Work task:
Going line by line through the records below, write out everything starting with the line containing "Now to find" and going on through the line containing "Find the value", exactly and inclusively. Pictures do not go in.

Raw data:
------------------------------------
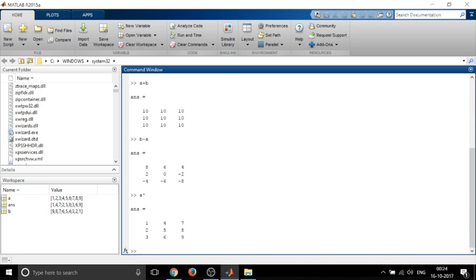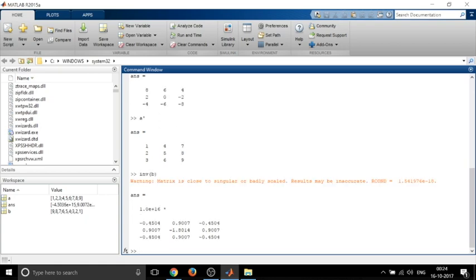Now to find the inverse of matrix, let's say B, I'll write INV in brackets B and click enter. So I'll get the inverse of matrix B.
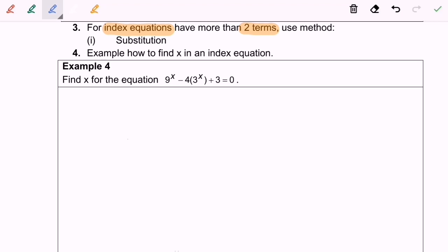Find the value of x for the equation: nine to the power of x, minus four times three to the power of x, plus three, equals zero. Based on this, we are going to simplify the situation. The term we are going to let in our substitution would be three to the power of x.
------------------------------------
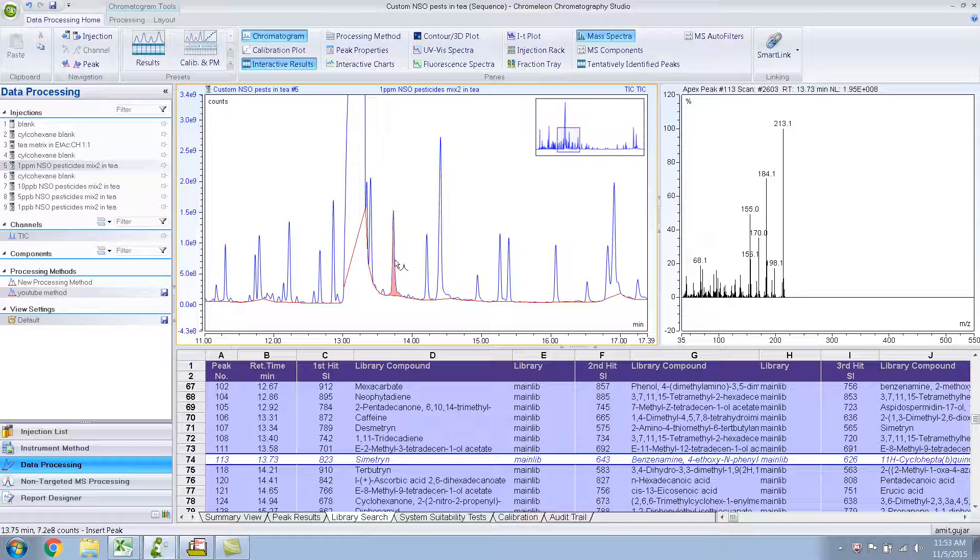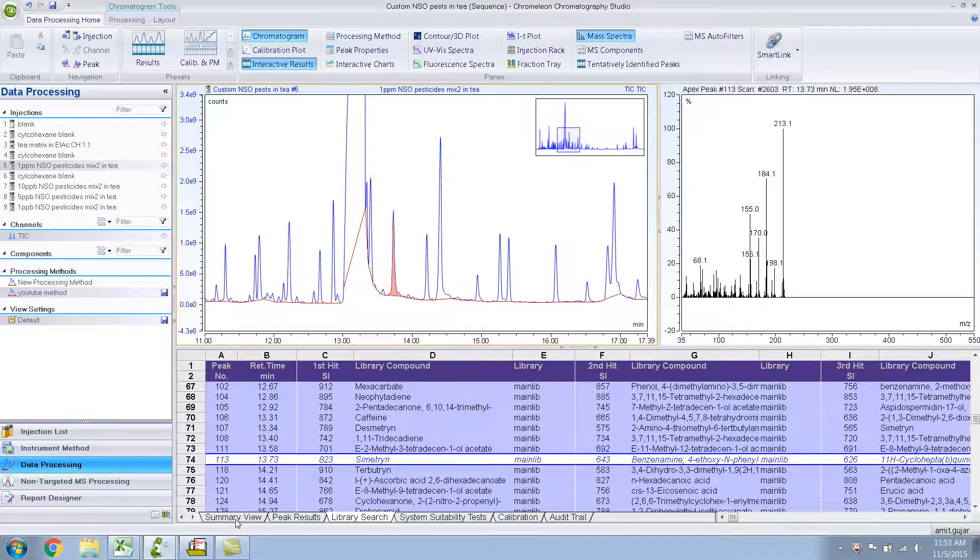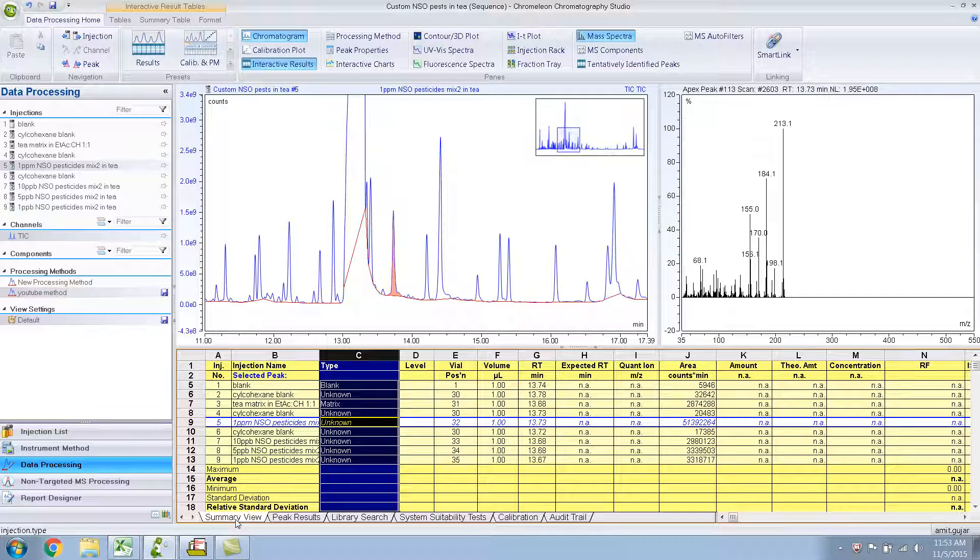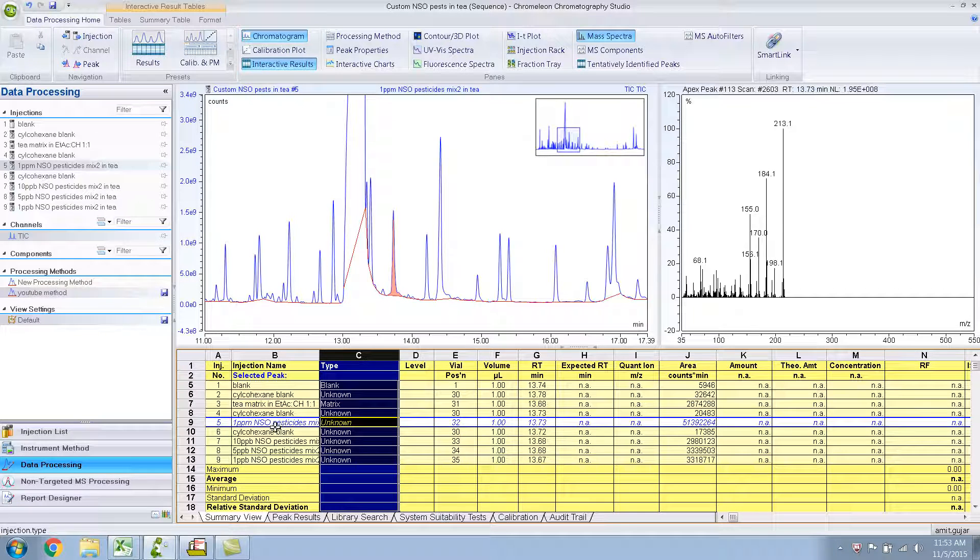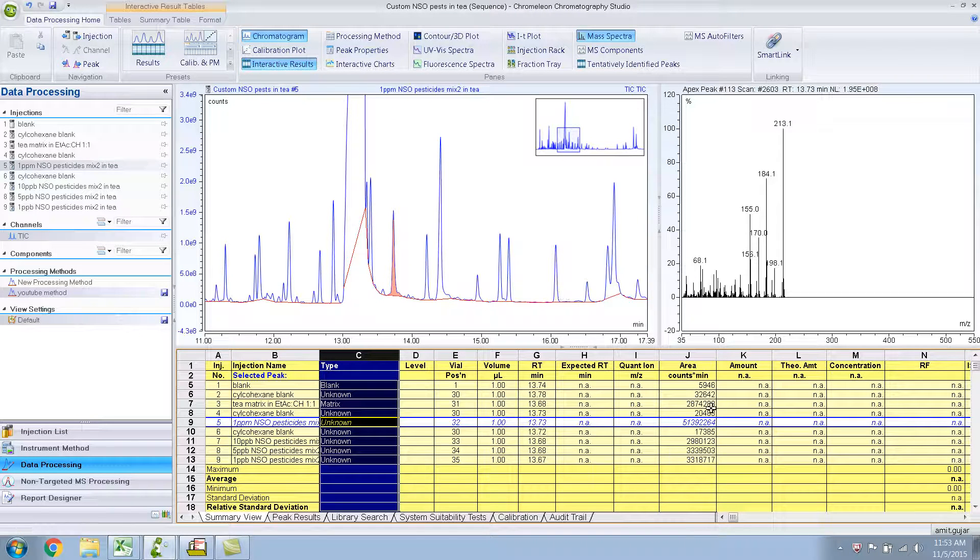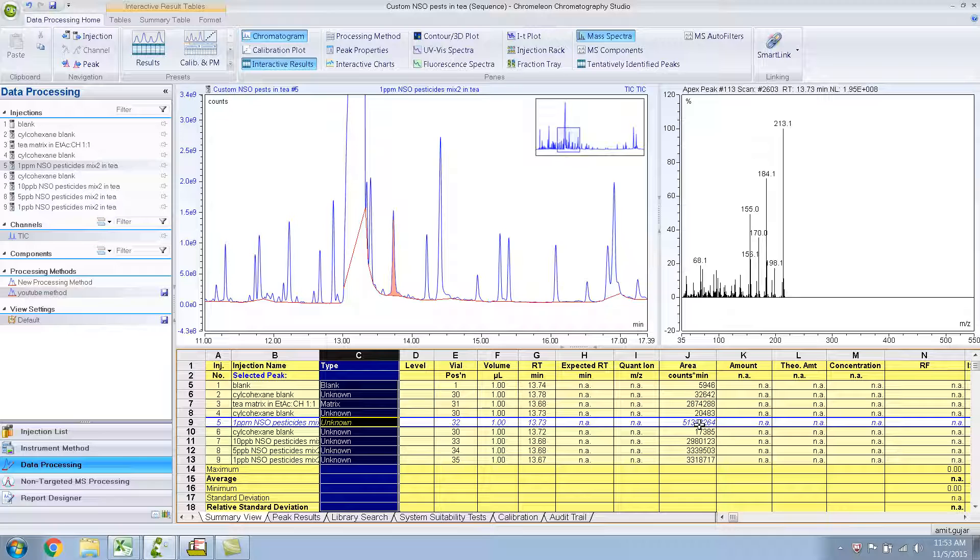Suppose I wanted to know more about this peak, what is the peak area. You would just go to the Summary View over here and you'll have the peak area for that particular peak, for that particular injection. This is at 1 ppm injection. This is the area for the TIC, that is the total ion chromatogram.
------------------------------------
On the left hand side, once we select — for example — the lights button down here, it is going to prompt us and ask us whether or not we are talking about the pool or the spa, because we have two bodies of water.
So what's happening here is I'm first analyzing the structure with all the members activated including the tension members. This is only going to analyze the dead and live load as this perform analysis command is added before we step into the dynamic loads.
------------------------------------
Solution below:
Now to find the inverse of matrix, let's say B, I'll write INV in brackets B and click enter. So I'll get the inverse of matrix B.
Find the value of x for the equation: nine to the power of x, minus four times three to the power of x, plus three, equals zero. Based on this, we are going to simplify the situation. The term we are going to let in our substitution would be three to the power of x.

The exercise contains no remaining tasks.